Centralizing on one authentication system makes sense.
So, by the way, does avoiding samba->nfs->disk.
Right now, the easiest thing to do is to centralize
on one or the other OS, so as to obtain all the
services in a coherent manner.
Choice 1: have a samba server provide all the
services to a test client or two, and configure
Unix authentication to use whatever is your lab
standard (e.g., yellow pages, NIS, kerberos, etc.)
test out all the client-side services, and come
up with a way for serving files without an
intermediate hop. The easy way is to move
the samba to the disks.
Provide file, & print services, profiles and
WINS/DNS. Then shift a subset of your clients
over and measure performance. (You'll be pleased)
Then move the rest. Convert the NT machines to Linux.

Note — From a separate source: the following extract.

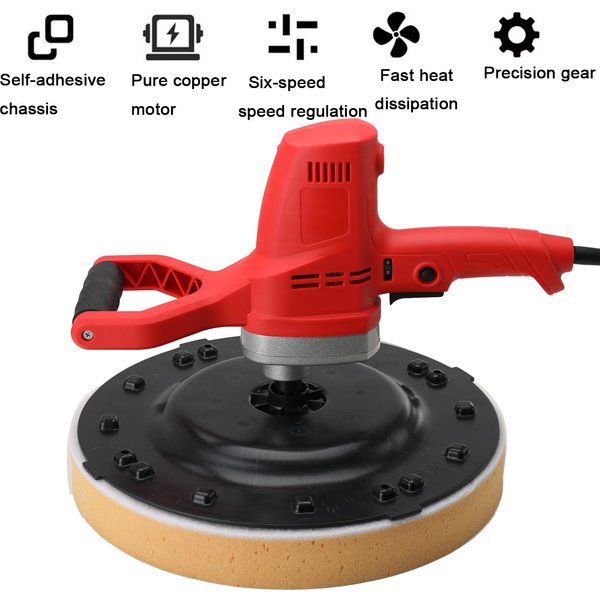 Beton Zement Mörtel Empfänger Abflachung Maschine Handheld Wand Polierer Kitt Pulver Empfänger Schleif Maschine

Choice 2: move to a pure NT environment.
Maybe have to buy stuff.
Choice 3: just push the authentication off to
NT via security=server, and see about
moving samba to the server where the disk are.
In the future, or if you feel like being a
beta-tester now, try the semi-experimental
PDC version of Samba, which will allow the
Samba machine to be a fileserver in the NT
domain.
--dave (I'm biased: guess which way) c-b
--
David Collier-Brown, | Cherish your enemies. They're harder to
185 Ellerslie Ave., | come by than friends and more motivated.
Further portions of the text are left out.